The commemorative pieces

On Saturday, August 15, the Moravian Board of Cooperative Ministries will hold the fifth annual Children’s Festival and Lovefeast. The event will take place at Hope Moravian Church from 2:00 p.m. to 5:00 p.m. The festival commemorates the Moravian children’s spiritual renewal of 1727 in Herrnhut, Germany. Every year, this festival features several activities and events for children and their families. In addition to these activities, a commemorative piece is made with participation from the children. A few of the pieces have involved painting, and this year’s commemorative piece will too.
Image of the Children and Family Task Force

The Children and Family Task Force hold the commemorative pieces from all of the Children’s Festivals to date.

This year’s commemorative piece will be a painted tree, the branches representing the various communities and congregations of the Moravian faith. The tree trunk will be pre-painted on two pieces of plywood. These pieces will be placed on a corner of Hope Moravian, one piece on each corner wall. Attached to the plywood will be pieces of canvas cloth, each of which has branches painted on them. There are four canvas cloths, and each piece of plywood will have two cloths extending off of it to the side (about six feet out). The children will be invited to make the leaves by placing paint handprints along the branches.

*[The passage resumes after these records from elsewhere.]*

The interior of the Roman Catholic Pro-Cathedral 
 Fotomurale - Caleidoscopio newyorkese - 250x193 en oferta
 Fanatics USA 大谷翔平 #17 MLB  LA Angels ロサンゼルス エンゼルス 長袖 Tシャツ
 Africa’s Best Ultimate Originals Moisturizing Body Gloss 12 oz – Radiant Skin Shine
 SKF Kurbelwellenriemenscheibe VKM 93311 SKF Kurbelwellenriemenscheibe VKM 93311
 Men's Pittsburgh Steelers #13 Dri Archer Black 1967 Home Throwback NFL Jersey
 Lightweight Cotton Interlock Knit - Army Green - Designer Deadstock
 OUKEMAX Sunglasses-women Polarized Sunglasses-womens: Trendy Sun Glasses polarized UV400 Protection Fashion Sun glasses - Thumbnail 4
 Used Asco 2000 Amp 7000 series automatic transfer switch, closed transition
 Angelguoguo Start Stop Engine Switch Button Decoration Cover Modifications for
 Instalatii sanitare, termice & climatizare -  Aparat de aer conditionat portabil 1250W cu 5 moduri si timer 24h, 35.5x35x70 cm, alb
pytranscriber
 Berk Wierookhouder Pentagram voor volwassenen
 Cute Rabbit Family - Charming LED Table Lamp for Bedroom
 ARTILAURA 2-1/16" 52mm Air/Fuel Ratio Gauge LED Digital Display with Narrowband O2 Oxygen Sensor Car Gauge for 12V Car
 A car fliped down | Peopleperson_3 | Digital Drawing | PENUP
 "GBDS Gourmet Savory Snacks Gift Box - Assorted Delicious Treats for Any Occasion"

A couple weekends ago, I helped create the commemorative piece by drawing the branches. Later that next week, the Children’s Festival planning team got together to paint the branches. The commemorative piece, like anything in the church, is a labor of love and a community effort. There is also something about utilizing your innate creativity, and making handmade art, that brings out your inner childlike wonder and excitement.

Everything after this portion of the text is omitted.